Sex oder so ähnlich.


Pioniere gibt es, das glaubt man nicht. Dr. Ruth Westheimer, eine deutsch-amerikanisch-französisch-jüdisch erzogene Sexologin, in Deutschland geboren, in Amerika aufgewachsen, an der Sorbonne studiert, mit frechem Mundwerk, ist für mich die erste Sexkennerin, die in den 80er (?) Jahren uns per Fernsehen die Scham über die eigene Sexualität ausgetrieben hat. Wenn heute ein Vierjähriger zu seiner Mama sagt, er möchte seine Freundin ficken, oder seinen besten Freund küssen, bekommt er keine gescheuert, sondern Mama erinnert sich vielleicht an die berühmt-berüchtigte Dr. Ruth vom Fernsehen und lächelt verständnisvoll.


Sie hat auch viele Bücher geschrieben, unsere Ruth. In ihrem Werk Heavenly Sex (Himmlischer Sex) befasst sie sich, neben der allgemein freundlichen Einstellung zum Geschlechtsverkehr, auch mit dem Judentum als  besonders sex-begabte Gemeinschaft. Dafür wurde sie auch kritisiert. Die Neigung zum unkomplizierten Sex ist an keine Religion oder Philosophie gebunden. Wo Dr.

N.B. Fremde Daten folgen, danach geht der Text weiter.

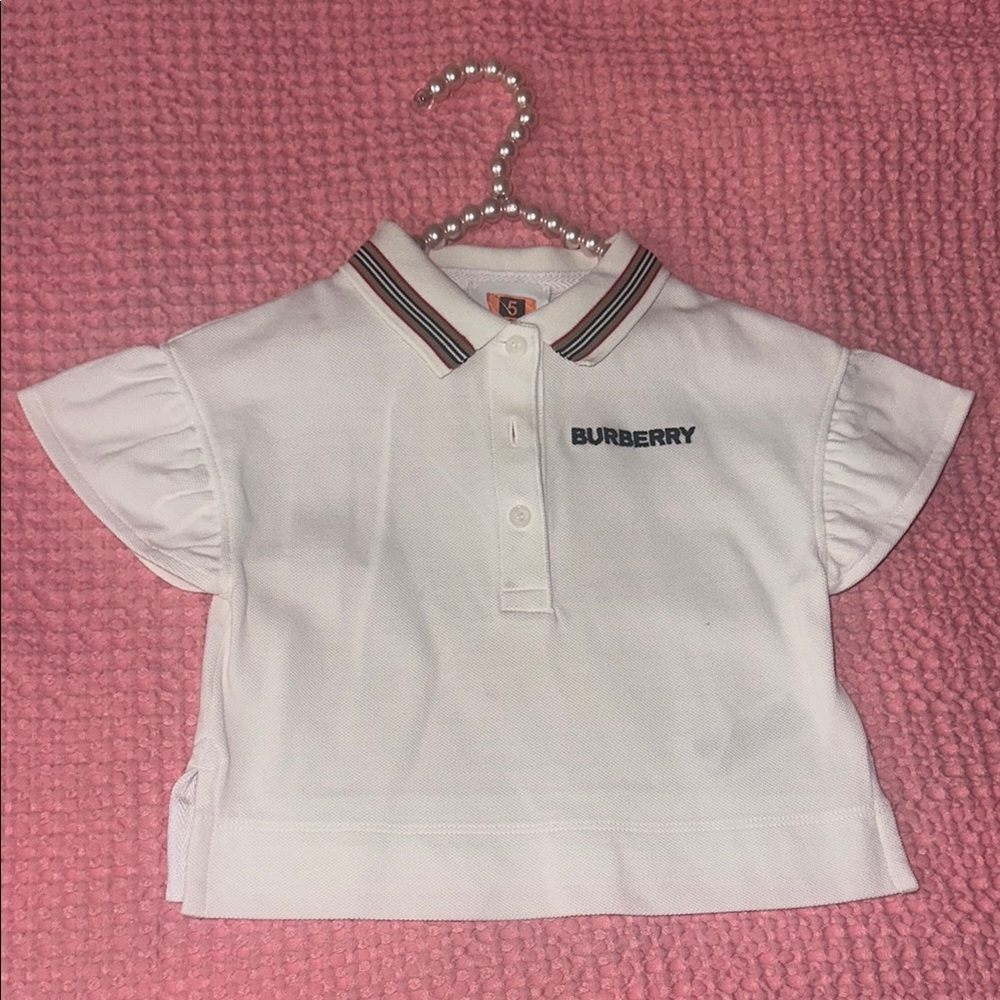 LIKE NEW Burberry White Cropped Polo with Ruffle Sleeves
NO NEGOTIATIONS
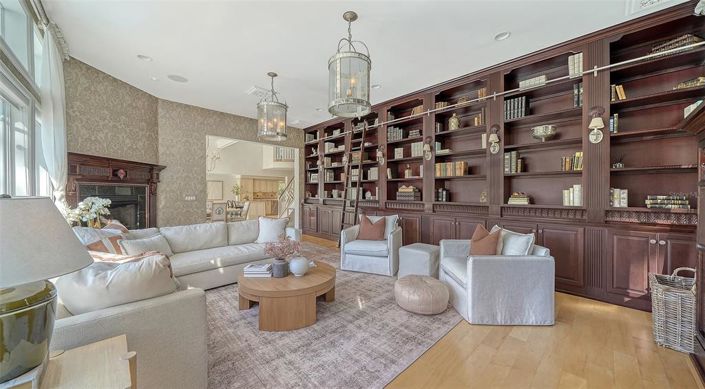 Image No.20-4 Bed Property for sale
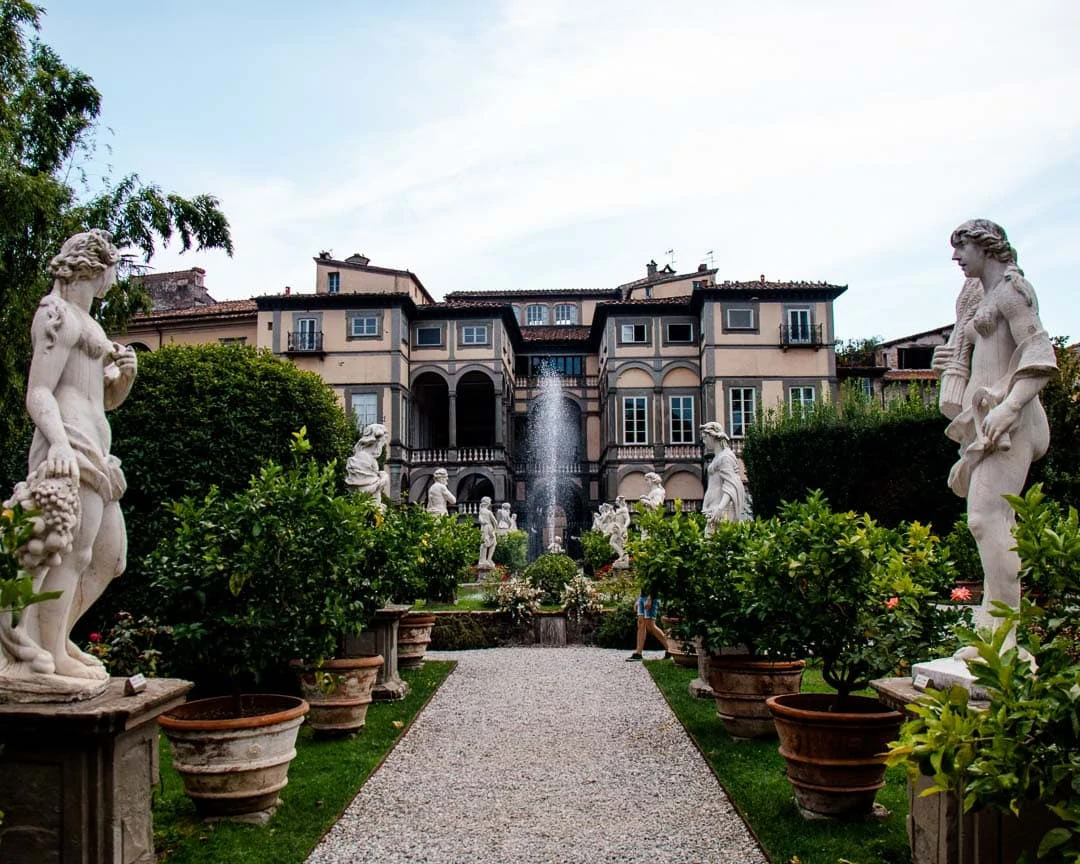 Lucca Palazzo Pfanner 2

Ruth jedoch recht haben könnte, ist, den Sex als allumfassende, das Leben bestimmende Quelle der Freude oder auch des Elends zu begreifen.


Bevor Frau Westheimer mit ihren gewagten Ansichten über Sex in unsere Haushalte dringen konnte, mussten wir uns mit Aufklärern vom Schlag Oswalt Kolle herumschlagen. Sein Buch Dein Mann, das unbekannte Wesen, von 1970, schlug so heftig ein, dass eine Freundin von mir es ins Französische übersetzte, mit dem Erfolg, dass Ton mari, cet unconnu auch viele Franzosen  ganz schön entkrampfte. Natürlich widmete Kolle sich auch den Frauen, doch sein Anliegen wurde damals noch mit Argwohn bedacht.

Als ich damals den heroischen Versuch unternahm, meine beiden Ältesten (5 und 4 Jahre) aufzuklären - sie erinnern sich heute noch - sagte das kleine Brüderchen bedeutungsvoll: so ist das also. Das kann heißen, dass Kinder bereits mehr wissen als sie zuzugeben bereit sind. Von meinen Eltern bekam ich nicht einmal die Geschichte mit den Schmetterlingen vorgesetzt. Die elterliche Scham wurde natürlich von prüden Gralshütern der Keuschheit ferngesteuert. Die Kirchen und Schulen waren daran beteiligt, wärend es heute sich outende Bischöfe gibt und die Zahl der bekanntlich enthaltsamen Nonnen ständig zurück geht. Den Durst nach Verbotenem stillten wir Kinder damals, indem wir, sobald die Eltern nicht im Hause waren, das große Medizinbuch aus dem Bücherschrank holten und die einschlägigen Seiten (mit Abbildungen) aufschlugen.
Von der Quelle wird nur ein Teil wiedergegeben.